[Opening Data under study section]
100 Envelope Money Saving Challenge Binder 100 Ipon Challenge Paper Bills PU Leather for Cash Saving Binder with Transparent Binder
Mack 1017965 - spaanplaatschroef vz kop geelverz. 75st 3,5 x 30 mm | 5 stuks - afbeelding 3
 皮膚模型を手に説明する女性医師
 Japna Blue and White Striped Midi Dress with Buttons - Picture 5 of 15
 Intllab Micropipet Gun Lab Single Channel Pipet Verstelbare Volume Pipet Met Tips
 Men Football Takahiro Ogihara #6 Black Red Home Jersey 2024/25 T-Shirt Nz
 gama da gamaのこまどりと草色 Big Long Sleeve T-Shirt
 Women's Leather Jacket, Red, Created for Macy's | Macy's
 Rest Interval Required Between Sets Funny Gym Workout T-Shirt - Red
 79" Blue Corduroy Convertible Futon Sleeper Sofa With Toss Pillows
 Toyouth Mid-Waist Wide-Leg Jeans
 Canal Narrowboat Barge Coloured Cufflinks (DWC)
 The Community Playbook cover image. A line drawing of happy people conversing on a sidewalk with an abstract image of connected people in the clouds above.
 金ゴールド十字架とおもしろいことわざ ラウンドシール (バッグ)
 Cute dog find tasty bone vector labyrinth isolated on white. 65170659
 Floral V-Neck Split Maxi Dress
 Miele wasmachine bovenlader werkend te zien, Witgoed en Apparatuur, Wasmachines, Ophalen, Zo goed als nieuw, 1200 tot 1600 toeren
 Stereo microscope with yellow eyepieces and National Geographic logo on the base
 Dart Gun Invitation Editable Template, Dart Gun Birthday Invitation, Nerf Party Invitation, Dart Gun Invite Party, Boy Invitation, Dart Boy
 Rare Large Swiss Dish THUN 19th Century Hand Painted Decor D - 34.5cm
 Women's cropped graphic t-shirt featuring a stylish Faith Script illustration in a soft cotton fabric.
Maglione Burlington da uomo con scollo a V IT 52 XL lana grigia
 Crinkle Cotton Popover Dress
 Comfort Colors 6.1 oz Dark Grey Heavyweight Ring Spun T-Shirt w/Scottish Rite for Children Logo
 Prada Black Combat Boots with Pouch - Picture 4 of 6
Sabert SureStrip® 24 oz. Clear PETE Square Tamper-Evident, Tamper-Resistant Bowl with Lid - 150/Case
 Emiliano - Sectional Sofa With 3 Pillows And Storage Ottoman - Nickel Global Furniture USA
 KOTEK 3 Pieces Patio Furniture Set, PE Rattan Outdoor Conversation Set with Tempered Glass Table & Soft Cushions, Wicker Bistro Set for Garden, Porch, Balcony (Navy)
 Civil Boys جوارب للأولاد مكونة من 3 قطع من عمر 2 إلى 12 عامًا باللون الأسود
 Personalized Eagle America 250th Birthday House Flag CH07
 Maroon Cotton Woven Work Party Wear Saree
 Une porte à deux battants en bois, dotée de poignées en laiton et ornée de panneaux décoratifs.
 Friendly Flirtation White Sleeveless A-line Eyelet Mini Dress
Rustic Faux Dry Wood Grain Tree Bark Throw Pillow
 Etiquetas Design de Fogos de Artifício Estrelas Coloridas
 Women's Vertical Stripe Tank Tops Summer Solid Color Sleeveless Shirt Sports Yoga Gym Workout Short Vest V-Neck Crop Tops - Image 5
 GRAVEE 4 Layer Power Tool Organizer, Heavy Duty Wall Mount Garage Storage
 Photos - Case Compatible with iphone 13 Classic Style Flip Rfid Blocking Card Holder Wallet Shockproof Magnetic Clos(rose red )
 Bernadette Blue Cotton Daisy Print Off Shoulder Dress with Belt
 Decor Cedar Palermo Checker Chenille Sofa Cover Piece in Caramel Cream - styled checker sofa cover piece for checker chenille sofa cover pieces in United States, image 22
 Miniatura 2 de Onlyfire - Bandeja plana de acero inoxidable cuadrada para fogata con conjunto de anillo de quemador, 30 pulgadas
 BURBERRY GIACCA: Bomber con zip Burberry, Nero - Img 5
[Closing Data under study section]
Copy out every entry above exactly.

__Result of the exercise__
100 Envelope Money Saving Challenge Binder 100 Ipon Challenge Paper Bills PU Leather for Cash Saving Binder with Transparent Binder
Mack 1017965 - spaanplaatschroef vz kop geelverz. 75st 3,5 x 30 mm | 5 stuks - afbeelding 3
 皮膚模型を手に説明する女性医師
 Japna Blue and White Striped Midi Dress with Buttons - Picture 5 of 15
 Intllab Micropipet Gun Lab Single Channel Pipet Verstelbare Volume Pipet Met Tips
 Men Football Takahiro Ogihara #6 Black Red Home Jersey 2024/25 T-Shirt Nz
 gama da gamaのこまどりと草色 Big Long Sleeve T-Shirt
 Women's Leather Jacket, Red, Created for Macy's | Macy's
 Rest Interval Required Between Sets Funny Gym Workout T-Shirt - Red
 79" Blue Corduroy Convertible Futon Sleeper Sofa With Toss Pillows
 Toyouth Mid-Waist Wide-Leg Jeans
 Canal Narrowboat Barge Coloured Cufflinks (DWC)
 The Community Playbook cover image. A line drawing of happy people conversing on a sidewalk with an abstract image of connected people in the clouds above.
 金ゴールド十字架とおもしろいことわざ ラウンドシール (バッグ)
 Cute dog find tasty bone vector labyrinth isolated on white. 65170659
 Floral V-Neck Split Maxi Dress
 Miele wasmachine bovenlader werkend te zien, Witgoed en Apparatuur, Wasmachines, Ophalen, Zo goed als nieuw, 1200 tot 1600 toeren
 Stereo microscope with yellow eyepieces and National Geographic logo on the base
 Dart Gun Invitation Editable Template, Dart Gun Birthday Invitation, Nerf Party Invitation, Dart Gun Invite Party, Boy Invitation, Dart Boy
 Rare Large Swiss Dish THUN 19th Century Hand Painted Decor D - 34.5cm
 Women's cropped graphic t-shirt featuring a stylish Faith Script illustration in a soft cotton fabric.
Maglione Burlington da uomo con scollo a V IT 52 XL lana grigia
 Crinkle Cotton Popover Dress
 Comfort Colors 6.1 oz Dark Grey Heavyweight Ring Spun T-Shirt w/Scottish Rite for Children Logo
 Prada Black Combat Boots with Pouch - Picture 4 of 6
Sabert SureStrip® 24 oz. Clear PETE Square Tamper-Evident, Tamper-Resistant Bowl with Lid - 150/Case
 Emiliano - Sectional Sofa With 3 Pillows And Storage Ottoman - Nickel Global Furniture USA
 KOTEK 3 Pieces Patio Furniture Set, PE Rattan Outdoor Conversation Set with Tempered Glass Table & Soft Cushions, Wicker Bistro Set for Garden, Porch, Balcony (Navy)
 Civil Boys جوارب للأولاد مكونة من 3 قطع من عمر 2 إلى 12 عامًا باللون الأسود
 Personalized Eagle America 250th Birthday House Flag CH07
 Maroon Cotton Woven Work Party Wear Saree
 Une porte à deux battants en bois, dotée de poignées en laiton et ornée de panneaux décoratifs.
 Friendly Flirtation White Sleeveless A-line Eyelet Mini Dress
Rustic Faux Dry Wood Grain Tree Bark Throw Pillow
 Etiquetas Design de Fogos de Artifício Estrelas Coloridas
 Women's Vertical Stripe Tank Tops Summer Solid Color Sleeveless Shirt Sports Yoga Gym Workout Short Vest V-Neck Crop Tops - Image 5
 GRAVEE 4 Layer Power Tool Organizer, Heavy Duty Wall Mount Garage Storage
 Photos - Case Compatible with iphone 13 Classic Style Flip Rfid Blocking Card Holder Wallet Shockproof Magnetic Clos(rose red )
 Bernadette Blue Cotton Daisy Print Off Shoulder Dress with Belt
 Decor Cedar Palermo Checker Chenille Sofa Cover Piece in Caramel Cream - styled checker sofa cover piece for checker chenille sofa cover pieces in United States, image 22
 Miniatura 2 de Onlyfire - Bandeja plana de acero inoxidable cuadrada para fogata con conjunto de anillo de quemador, 30 pulgadas
 BURBERRY GIACCA: Bomber con zip Burberry, Nero - Img 5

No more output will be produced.